The task » Everything from the line with "summer garden. Fotosearch" to the line with "Judasbaum Cercis Siliquastrum 7" in the listing below, both lines included, needs to be copied exactly, apart from the pictures.

Entries provided »
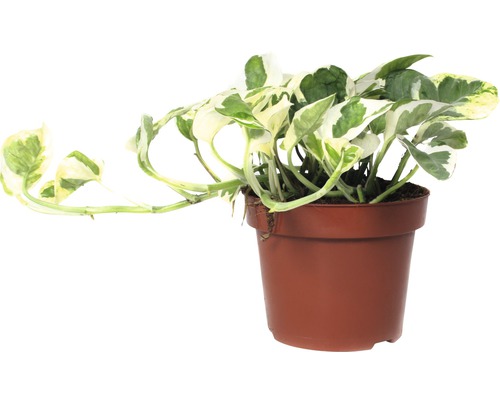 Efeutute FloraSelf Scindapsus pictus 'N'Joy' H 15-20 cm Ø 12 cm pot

--

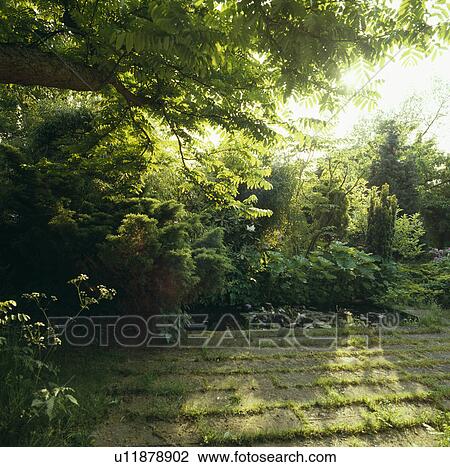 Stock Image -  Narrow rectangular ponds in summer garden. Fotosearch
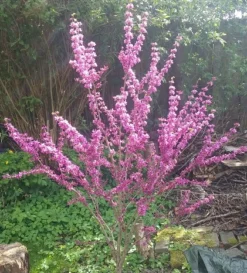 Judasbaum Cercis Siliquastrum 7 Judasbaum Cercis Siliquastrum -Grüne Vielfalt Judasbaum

Written solution »
 Stock Image -  Narrow rectangular ponds in summer garden. Fotosearch
 Judasbaum Cercis Siliquastrum 7 Judasbaum Cercis Siliquastrum -Grüne Vielfalt Judasbaum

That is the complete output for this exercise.